Fratelli e sorelle carissimi,

Il Signore vi dia pace!

Ci ritroviamo, all’inizio di questo strano Triduo Pasquale, per celebrare qui, nel Luogo più sacro, gli eventi della nostra salvezza. Le circostanze sono tristi. Non vi è nulla di esternamente festoso oggi. Ce lo siamo già detti diverse volte in questi giorni che è strano celebrare in questo modo. Ma forse, in queste nostre semi-clandestine celebrazioni, proprio perché prive di ingressi trionfali e senza cerimonie solenni e affollate, c’è qualcosa di nuovo che possiamo imparare. Uscendo dalle tradizioni abituali, forse potremo più facilmente cogliere una parola, una riflessione, un insegnamento, che in momenti normali non avrebbero probabilmente attirato la nostra attenzione.

Lasciamoci guidare dalla Parola che la liturgia ci propone e chiediamo allo Spirito di illuminarci in questo Cammino Pasquale che sta per iniziare.

Nella lettura dell’Esodo, vediamo che il sangue dell’agnello segnato sulle case diventerà un segno di salvezza per gli israeliti che vi abitano. Quel popolo di schiavi, umanamente impossibilitato a combattere l’impareggiabile potenza del Faraone, è stato liberato dalla sua schiavitù per intervento divino. Non un angelo, non un inviato, infatti, ma il Signore stesso è passato in mezzo a loro. “In quella notte io passerò per la terra d’Egitto … Io sono il Signore! (Es. 12,12)”. Il passaggio del Signore non lascia nulla di immutato e richiede una decisione, di accoglienza o di rifiuto.

Anche oggi il Signore passa in mezzo a noi, e anche oggi ci viene chiesto di prendere la stessa posizione di accoglienza o di rifiuto. Spetta a noi decidere se vogliamo essere tra i segnati dal sangue dell’Agnello oppure no. Se vogliamo uscire dal nostro Egitto e incamminarci verso la meta che il Signore ci indica, oppure se vogliamo restare “seduti presso la pentola della carne” (Es. 16,3).

E il Vangelo ci dice chiaramente quale sia la meta.
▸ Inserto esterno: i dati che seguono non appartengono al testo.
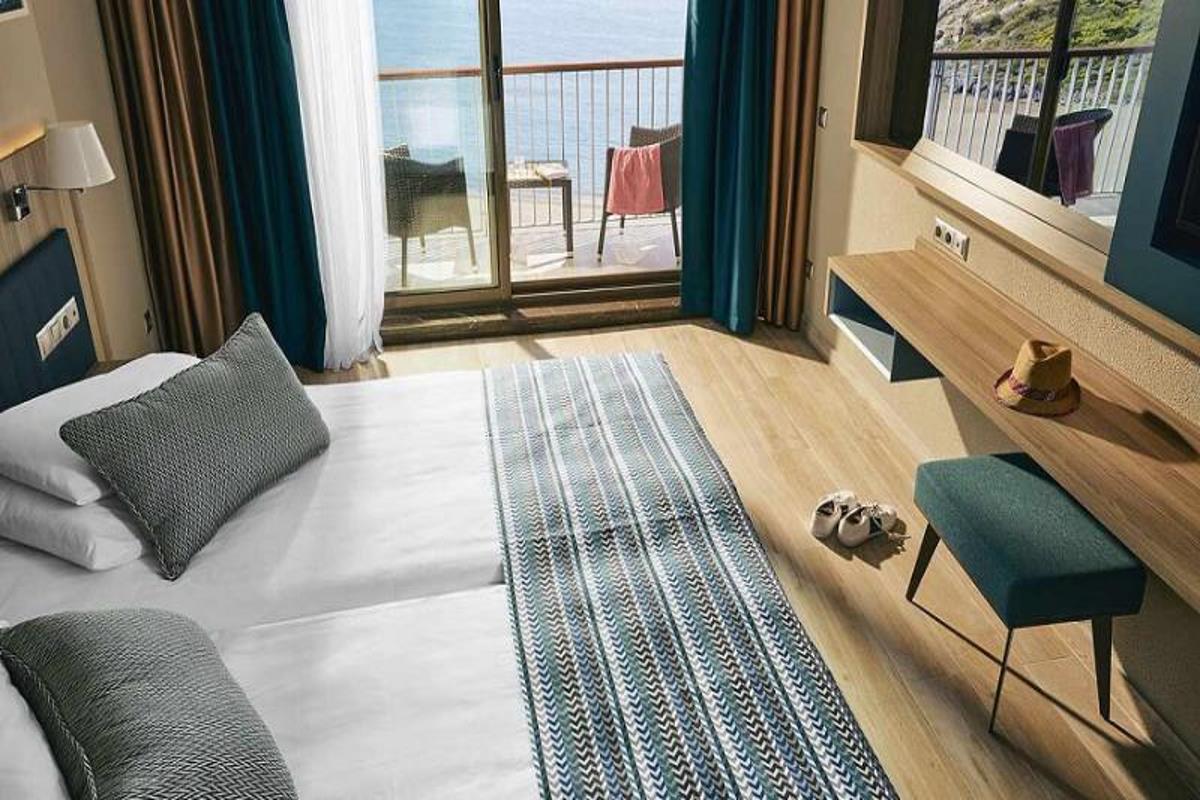 En fazla 3 yetişkin veya 2 yetişkin + 1 çocuk.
È Gesù stesso ad indicarcela ed è ancora Lui che la raggiungerà per primo, per prepararci un posto (Gv 14,2). Tutto il Vangelo di Giovanni è percorso da questa domanda: da dove viene quest’uomo e dove va? È il tema dell’identità di Gesù.

Se la fanno tutti quelli che lo incontrano e si chiedono non solo da dove viene lui, ma anche da dove viene ciò che lui fa, ciò che lui possiede. Ci si chiede dove abita (1,38), da dove viene l’acqua trasformata in vino (2,9). Nelle domeniche di quaresima abbiamo poi visto nel dialogo con la samaritana da dove attinge la sua acqua viva (4,11). Il cieco guarito afferma che è strano che non si sappia da dove viene, visto che gli ha aperto gli occhi (9,30) … Per ultimo, se lo chiede anche chiede Pilato: “Di dove sei?” (19,9).
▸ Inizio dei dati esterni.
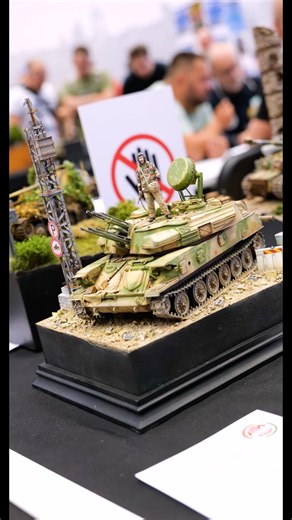 Look at the finish on this Shilka from #mosonshow #scalemodel #tankmodel #modelbuilder #modeller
L’unico che sa veramente da dove viene e dove va è Gesù stesso e lo ripete più e più volte (7,28; 8,14, 13,3). E afferma anche che dove sta andando lui, per ora nessuno può seguirlo (8,21.22; 13,33; 13,36) fino a quando lui avrà aperto una via (14,4) e preparato un posto (14,2). Ed ha una certezza assoluta: “Padre, voglio che anche quelli che mi hai dato siano con me dove sono io” (17,24).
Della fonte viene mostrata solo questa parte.